- Born: 1938
- Died: 2017 (aged 79–80)
- Occupation: Poet
- Awards: National Poetry Series

Academic background
- Alma mater: New York University

Academic work
- Institutions: University of Massachusetts

= Sabra Loomis =

Irish-American poet (1938–2017)

Sabra Loomis (1938 – 2017) was an Irish-American poet. Her poetry collection House Held Together by Winds (Harper Perennial, 2008) won the 2007 National Poetry Series.

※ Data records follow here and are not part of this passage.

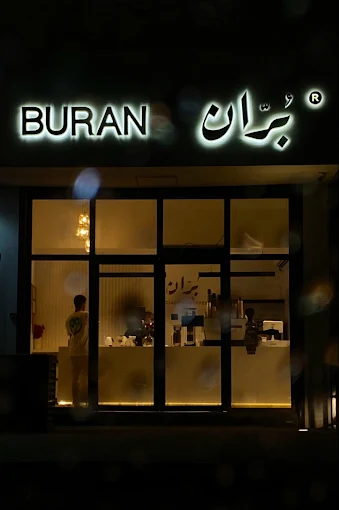 BURAN Coffee Shop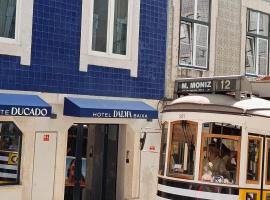 Dalma Baixa, hotel sa 3 zvezdice u Lisabonu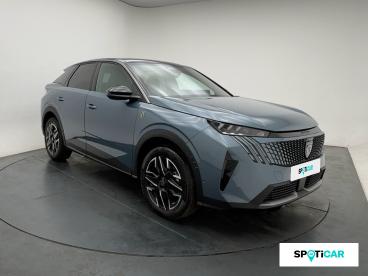 SPOTICAR Peugeot 3008 1.2 Hybrid 145ch Gt E-dcs6 Occasion - Suv-4x4 Hybride Bleu Ingaro (m) - La Ravoire - 1203775437_3
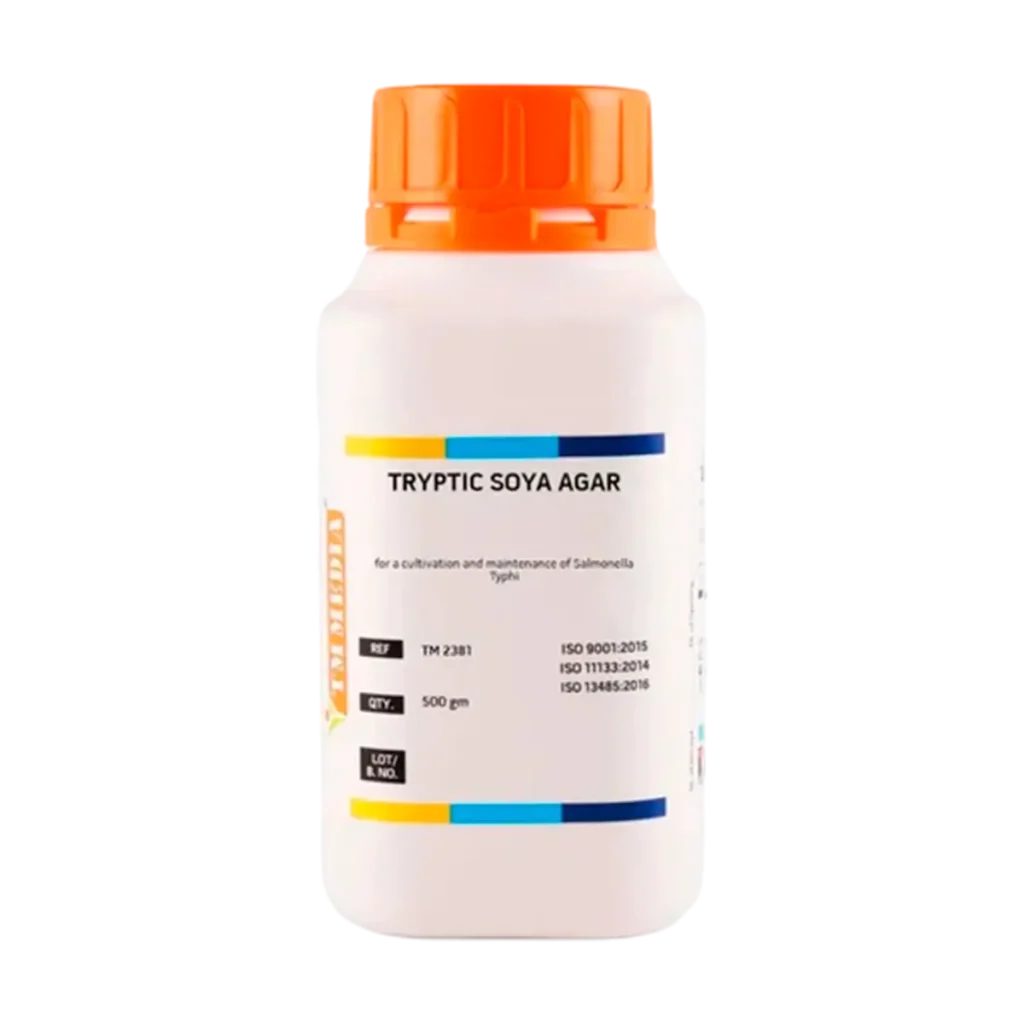 AGAR SOYA TRIPTICASA 500 GR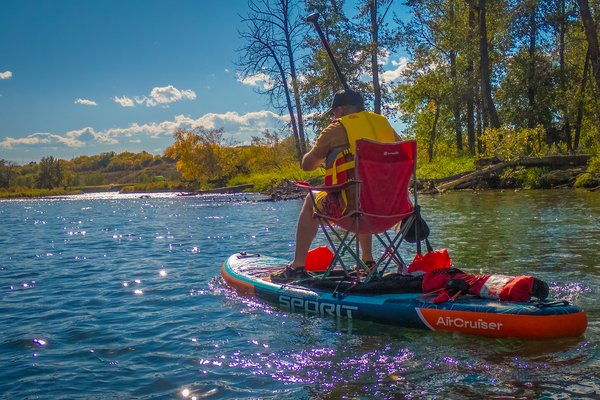 Alex 02, Bow River Float, Calgary, AB, 2024-09-25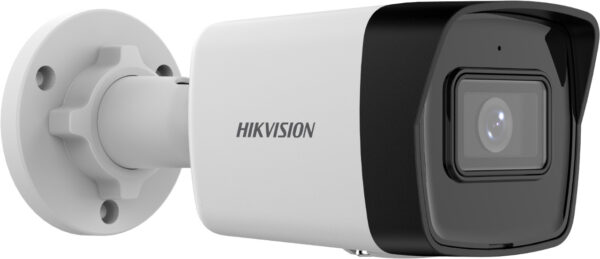 Caméra de surveillance IP Hikvision Fixed Bullet Built-in Mic 8 MP - Pour l'extérieur (DS-2CD1083G0-IUF) – Image 2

Her honors included Yaddo and MacDowell Colony fellowships.

Her poems appeared in literary journals and magazines including American Poetry Review, American Voice, Cincinnati Poetry Review, Cyphers, Florida Review, Heliotrope, Lumina, Negative Capability, Poetry Ireland Review, Salamander, Salt Hill Journal, and St. Ann's Review.

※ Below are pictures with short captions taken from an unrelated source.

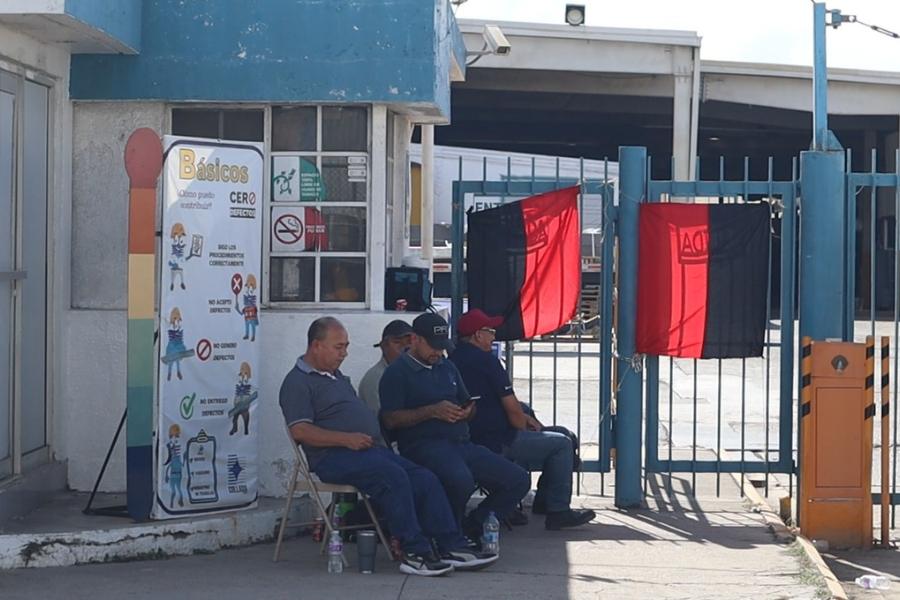 empresa Collado en Matamoros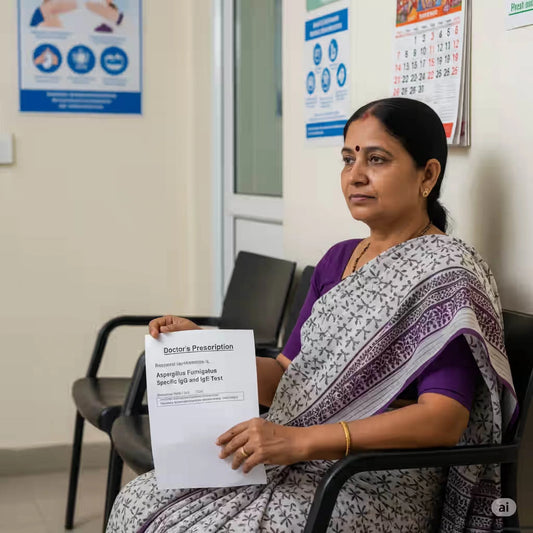 Aspergillus Fumigatus Allergy Test In Pune Online Booking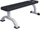 Gorilla Sports Flachbank Hantelbank weiß (100106-00022-0001)
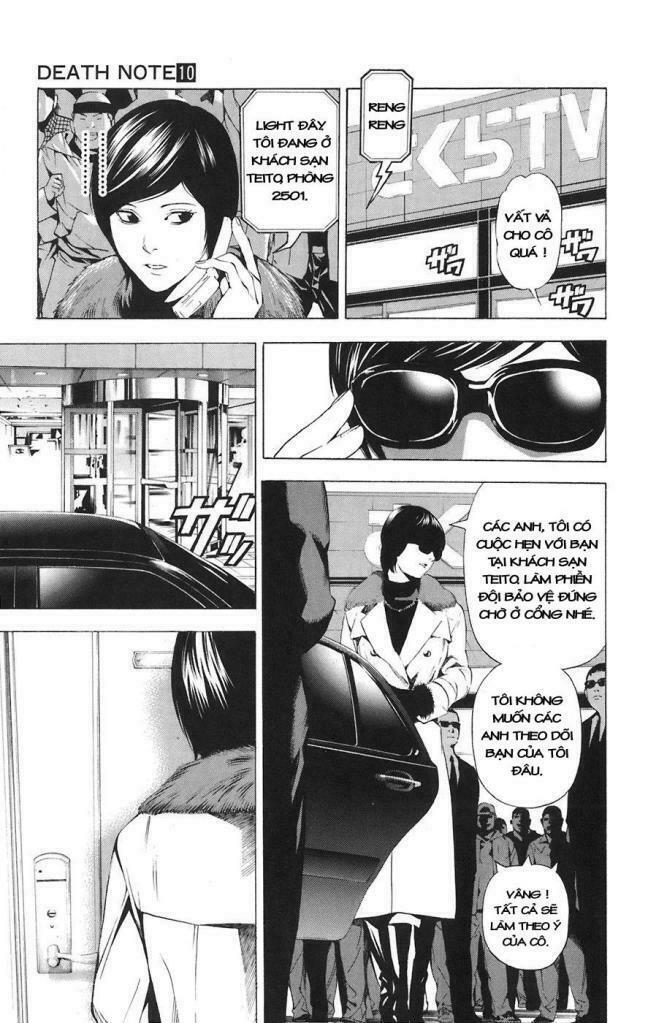 Cuốn Sổ Thiên Mệnh: Chapter 87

The daughter of Alfred Loomis of Tuxedo Park, New York, she graduated from New York University, taught at the University of Massachusetts Boston, and was on the faculty of the Poets' House, Donegal. She divided her time between New York City and Achill Island, Ireland.

Loomis died in 2017, at the age of 79–80.

==Honors and awards==
- 2007 National Poetry Series
- Artists Foundation
- Yeats Society
- British Council
- Yaddo Fellowship
- MacDowell Colony Fellowship
- Virginia Center for the Creative Arts residency

==Published works==
Full-Length Poetry Collections
- "House Held Together by Winds" (2008)
- "Rosetree" (1989)

Chapbooks
- The Ship (Firm Ground Press, 2001)
- "Travelling on Blue" (1998)

Anthology Publications
- Smock, Frederick (1998). "The American voice anthology of poetry"
- Tobin, Daniel (2007). "The book of Irish American poetry: from the eighteenth century to the present"

==Reviews==
The house in House Held Together by Winds is both mansion and metaphor. Our docent for each construction is a little girl in a lace collar whose satirical observations of her dominating relatives expose the fears at the root of chauvinism....Readers who allow themselves to be voyeuristically fascinated by the gothic eccentricities of these poems will be moved by the transformation.